Beastly fun abounds in ‘Rhinoceros’

In a peaceful village in France, something strange is afoot. One by one the inhabitants are transforming into destructive, unthinking wild animals. People are inexplicably turning into rhinoceroses! 

The first main stage of the new year “Rhinoceros” started its seven-show run on Thursday, March 2, after a snowstorm delayed the show’s opening by one night.

The play is directed by Maria Vail, a theater professor at Ramapo who has previously directed “The Importance of Being Earnest,” “Horsedreams,” “Twelfth Night” and “Or What You Will.” The show was written by award winning Romanian-French playwright Eugene Ionesco, known for being one of the foremost figures in French avant-garde theater. 

Walking into this show, patrons knew very little about what to expect other than a few production photos and the fact that it had something to do with a rhinoceros. There was a buzz of curious wonder up until the lights began to dim and the show started.

Audiences were immediately introduced to Berenger, played by Thallys Ribeiro, who started off as an aimless, alienated Everyman who drinks too much and finds little worth in life, except for the beauty of his co-worker, Daisy. Unlike most everyone else in the show, Berenger doesn’t physically turn into a rhinoceros. He has his own moral change throughout the show.

Not only is this play deeply absurd, it also illuminates what it’s like when fascism takes over a town and examines the tension between people as they bicker and quarrel about small everyday issues and struggle with the pressure to conform.

There was a buzz of curious wonder up until the lights began to dim and the show started.

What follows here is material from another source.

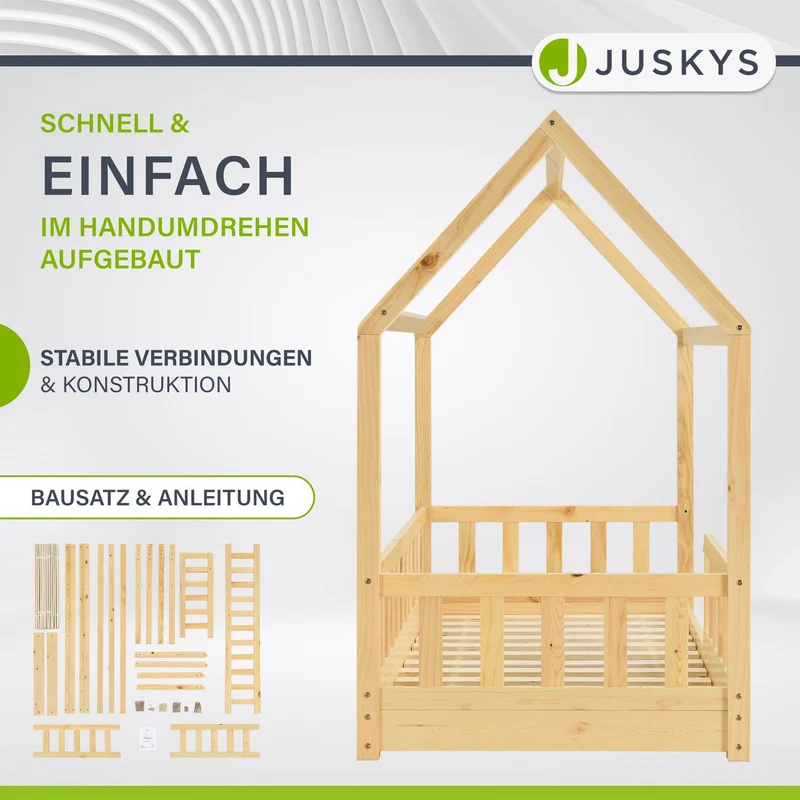 Lit enfant Marli 80 x 160 cm – lit cabane avec barrière et sommier à lattes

Some stand out performances within the show were the Logician played by Sky Tabora, a junior theater major with a concentration in acting. The Logician was not only comedic and well-dressed, he also demonstrated how easy it is to warp logic, especially when one is an authority figure like he is. 

In addition, Elizabeth LeBoeuf, a freshman music production major who played Daisy, was superb. Daisy is Berenger’s love interest who is initially kind and sensible but eventually grows sympathetic of the rhinoceroses and is at a crossroads whether or not to join them.

The costumes were one of the main highlights of the production. Photo submitted by Mason Murphy

In addition to the wonderful cast and crew, the costumes for this show designed by Kaden Woodward were absolutely amazing. Seeing how all of the colors and fabrics complimented each other on stage was great to see as a viewer. I also really enjoyed the lighting and sound design. During intermission, they played music by Dimitri from Paris, which added to the tone and mood of the show.

The oddly comedic production that had everyday folk turning into rhinoceroses left and right made way for a fun night at the theater. Every time the cast “saw” a rhinoceros, theatergoers would look around the space in awe, and gasp as if they too saw what the characters on stage were seeing. It was a fun mix of story and absurdity.

I believe this show was very well put together and it was a nice break from the hustle and bustle of day to day life. It was nice to sit down for two hours and watch a story develop that not only included character growth, but was meant to be a laughable, silly play to make audiences smile, which I’d say it definitely achieved!